The Stassen family said that they plan to keep private any information they find from their son’s online accounts.
A spokesperson for Facebook said that their policies do not allow access to a dead user’s account.
“For privacy reasons, we do not allow others to access a deceased user’s account,” a Facebook spokesperson told NBC News. In addition, the spokesperson said, the company's policy prohibits them from commenting on the Stassen family's case or any other specific cases.
Facebook has two options for a dead user’s account, the spokesperson said. The first allows an account to be memorialized, which leaves the profile up so that friends and family can leave posts in remembrance, but restricts the profile and associated content to the Facebook "friends" that the deceased had while alive, the spokesperson said. A proof of death must be provided for an account to be memorialized.
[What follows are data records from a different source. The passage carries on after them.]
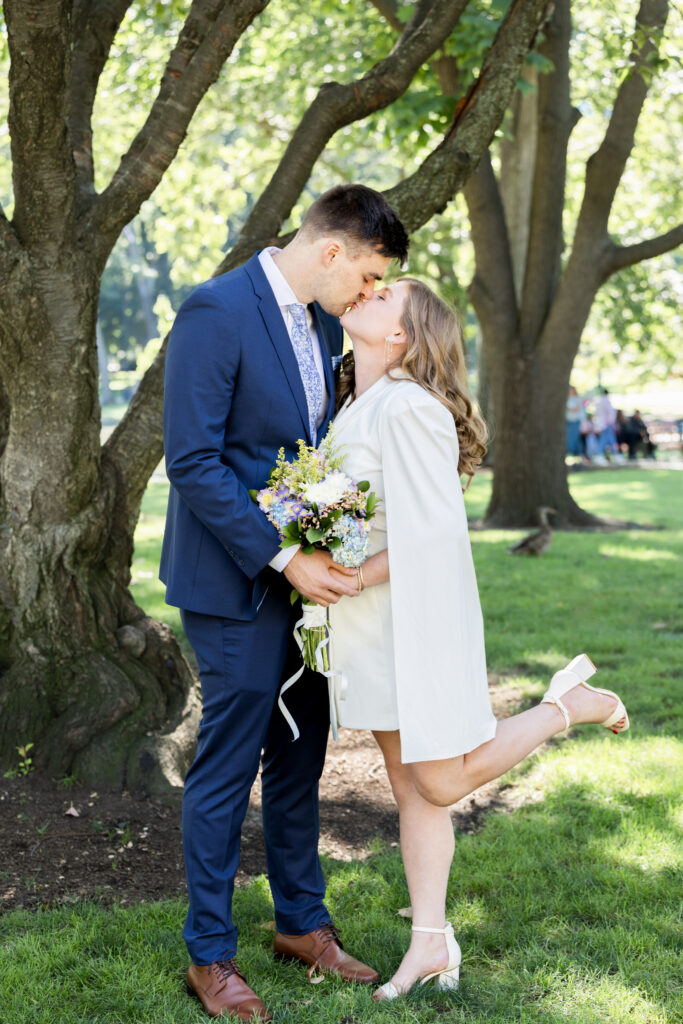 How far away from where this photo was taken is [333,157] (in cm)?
1845

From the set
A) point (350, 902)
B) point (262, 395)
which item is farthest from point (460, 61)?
point (350, 902)

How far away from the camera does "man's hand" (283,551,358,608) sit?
9.85 feet

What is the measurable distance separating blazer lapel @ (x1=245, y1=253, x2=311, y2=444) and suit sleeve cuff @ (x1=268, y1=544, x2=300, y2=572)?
1.33 ft

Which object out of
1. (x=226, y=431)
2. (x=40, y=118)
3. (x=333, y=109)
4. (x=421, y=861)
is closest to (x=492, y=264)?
(x=333, y=109)

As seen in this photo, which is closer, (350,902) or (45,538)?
(350,902)

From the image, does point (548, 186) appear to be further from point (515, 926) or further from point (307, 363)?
point (515, 926)

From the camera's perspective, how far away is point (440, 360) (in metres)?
3.15

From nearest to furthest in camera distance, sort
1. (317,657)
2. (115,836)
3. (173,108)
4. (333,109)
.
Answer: (317,657), (115,836), (173,108), (333,109)

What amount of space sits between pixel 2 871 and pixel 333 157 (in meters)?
16.6

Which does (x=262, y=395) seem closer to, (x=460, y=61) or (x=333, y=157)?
(x=460, y=61)

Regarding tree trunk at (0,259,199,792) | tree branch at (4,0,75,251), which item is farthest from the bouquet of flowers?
tree branch at (4,0,75,251)

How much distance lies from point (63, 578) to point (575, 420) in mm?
22277

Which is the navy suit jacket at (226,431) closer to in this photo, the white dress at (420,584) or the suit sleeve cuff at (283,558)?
the suit sleeve cuff at (283,558)

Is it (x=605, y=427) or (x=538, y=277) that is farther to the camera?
(x=605, y=427) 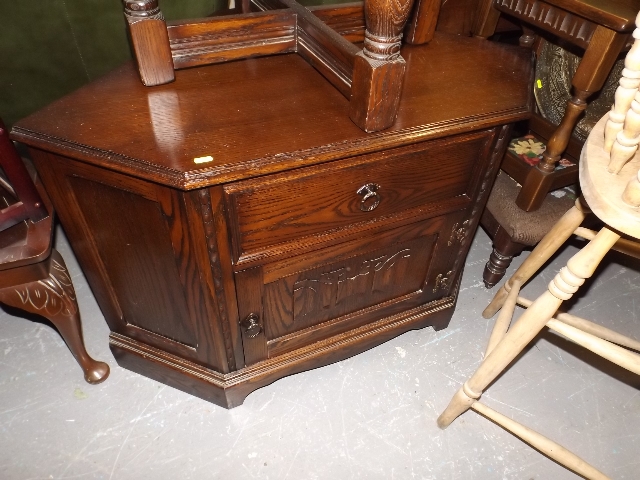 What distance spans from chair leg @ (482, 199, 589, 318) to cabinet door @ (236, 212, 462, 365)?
213 millimetres

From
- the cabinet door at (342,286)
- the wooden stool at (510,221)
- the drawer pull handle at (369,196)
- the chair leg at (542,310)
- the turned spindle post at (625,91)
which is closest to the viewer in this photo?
the turned spindle post at (625,91)

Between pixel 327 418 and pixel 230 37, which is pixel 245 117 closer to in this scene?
pixel 230 37

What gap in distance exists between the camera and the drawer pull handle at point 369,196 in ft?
3.27

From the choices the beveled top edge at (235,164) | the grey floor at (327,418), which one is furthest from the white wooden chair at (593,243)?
the beveled top edge at (235,164)

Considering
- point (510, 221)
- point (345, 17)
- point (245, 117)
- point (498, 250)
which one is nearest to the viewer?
point (245, 117)

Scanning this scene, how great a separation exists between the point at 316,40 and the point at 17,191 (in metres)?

In some instances, Facebook allows family members to have an account deactivated.
Other companies have different policies regarding a deceased person’s online account. According to Google’s web site, in rare cases, they may provide the content of a deceased person’s account to an authorized representative of the person. Meanwhile, Yahoo says on its site that all accounts are non-transferable and it will delete an account when they receive a death certificate.
Courtesy of Peter Stassen
The Stassen family, though, say they don't want to memorialize or deactivate their son’s Facebook account until they have seen the full contents. The only way they’ve been able to see the public part of their son’s page is because he and his brother, Peter, were friends on Facebook.
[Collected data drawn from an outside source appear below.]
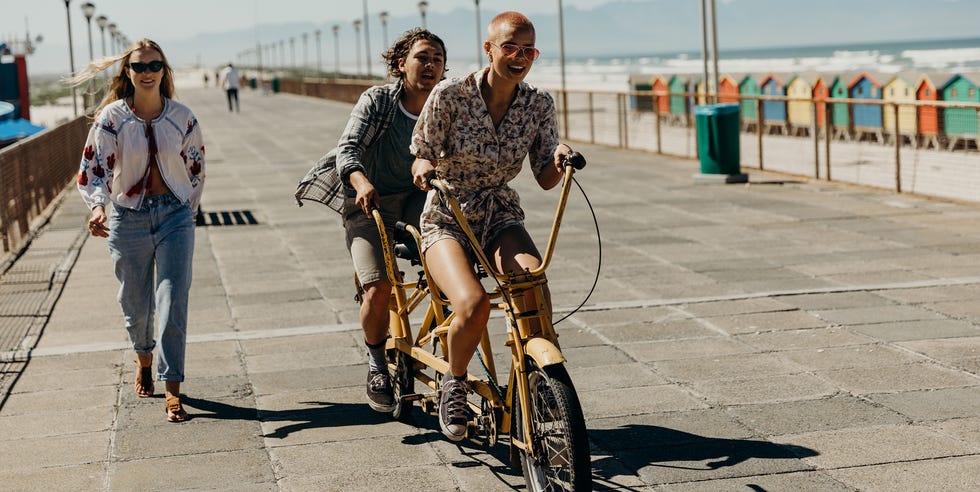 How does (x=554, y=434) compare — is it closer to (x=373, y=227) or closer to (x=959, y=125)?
(x=373, y=227)

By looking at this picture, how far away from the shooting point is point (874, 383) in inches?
250

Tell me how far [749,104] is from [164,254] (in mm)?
26506

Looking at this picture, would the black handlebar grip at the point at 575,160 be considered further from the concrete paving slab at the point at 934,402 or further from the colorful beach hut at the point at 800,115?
the colorful beach hut at the point at 800,115

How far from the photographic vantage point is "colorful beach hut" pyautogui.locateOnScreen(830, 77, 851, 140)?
72.9 ft

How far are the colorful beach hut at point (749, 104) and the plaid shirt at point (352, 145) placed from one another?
18634mm

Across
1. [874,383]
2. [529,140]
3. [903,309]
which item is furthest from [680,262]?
[529,140]

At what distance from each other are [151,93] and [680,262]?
5.41 meters

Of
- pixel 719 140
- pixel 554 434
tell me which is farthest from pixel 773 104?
pixel 554 434

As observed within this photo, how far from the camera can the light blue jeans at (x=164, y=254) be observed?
20.4ft

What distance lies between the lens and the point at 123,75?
6.24 m

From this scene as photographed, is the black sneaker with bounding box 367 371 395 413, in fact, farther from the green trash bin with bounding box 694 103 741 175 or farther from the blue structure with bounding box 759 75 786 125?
the blue structure with bounding box 759 75 786 125

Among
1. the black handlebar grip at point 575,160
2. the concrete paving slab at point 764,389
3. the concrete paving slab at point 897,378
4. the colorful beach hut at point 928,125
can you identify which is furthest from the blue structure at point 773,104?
the black handlebar grip at point 575,160

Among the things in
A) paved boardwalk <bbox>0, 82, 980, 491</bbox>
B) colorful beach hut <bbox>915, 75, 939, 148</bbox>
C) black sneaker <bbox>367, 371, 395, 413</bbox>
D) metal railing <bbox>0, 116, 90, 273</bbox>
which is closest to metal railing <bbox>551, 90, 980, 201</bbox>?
colorful beach hut <bbox>915, 75, 939, 148</bbox>

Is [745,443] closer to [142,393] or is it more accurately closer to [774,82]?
[142,393] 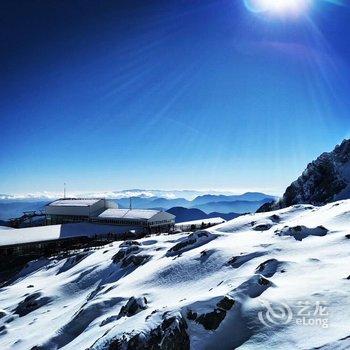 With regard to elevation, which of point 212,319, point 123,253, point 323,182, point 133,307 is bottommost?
point 133,307

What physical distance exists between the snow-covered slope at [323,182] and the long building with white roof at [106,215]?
242 feet

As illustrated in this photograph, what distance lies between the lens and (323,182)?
15738 centimetres

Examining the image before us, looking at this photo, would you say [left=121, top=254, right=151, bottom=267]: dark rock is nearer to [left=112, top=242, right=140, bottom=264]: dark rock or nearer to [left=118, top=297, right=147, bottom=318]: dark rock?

Benjamin’s Facebook profile shows a smiling young man with photos showing him skiing with his family and enjoying a beer with his brother, Peter.
Peter Stassen said that it’s been a struggle to watch his parents try to obtain access to Benjamin’s account.
“It’s hard to fully reconcile how I feel about Facebook now,” said Peter Stassen, Benjamin’s brother. “None of the people on the Facebook side seem to have any realization that my parents are people, that they’re dealing with emotions and that they’re not just an account.”
Facebook’s policy prohibits them from commenting on the Stassen family’s case or any other specific cases, the spokesperson said.
“I think Facebook has to understand that when they push sharing of data, open sharing of data, they also have an obligation not only to be fair with the account owner during their lifetime, they have an obligation to be fair with the account owner after they’ve died,” Jay Stassen said.
How you can protect your digital assets
The growing murkiness over digital assets recently prompted the federal government to post a blog encouraging people to create social media wills.
And Professor Cahn said that people should discuss their online accounts with their loved ones and have a frank conversation about what they want to remain online, what they want to be deleted and what they want their loved ones to have access to.
“We’re in an era of uncertainty,” Cahn said. “You can certainly tell your loved ones what you want to have happen. What you have online that’s not private, you can set up a joint account.”
Cahn said couples should consider joint online bank accounts, for example. In addition, she said, people can include digital assets in their wills, but warns that wills eventually become public documents and that if you list passwords on the will, those will become accessible to the public.
A series of companies have also sprouted up, such as Entrustet and Legacy Locker, that allow you to come up with a plan for the life of your online accounts after you’re gone, Cahn said.
“As a society, we value the privacy of our online account and we want internet service providers to protect our privacy and that means not giving others access. If we thought about it, we might think differently after we die,” Cahn said.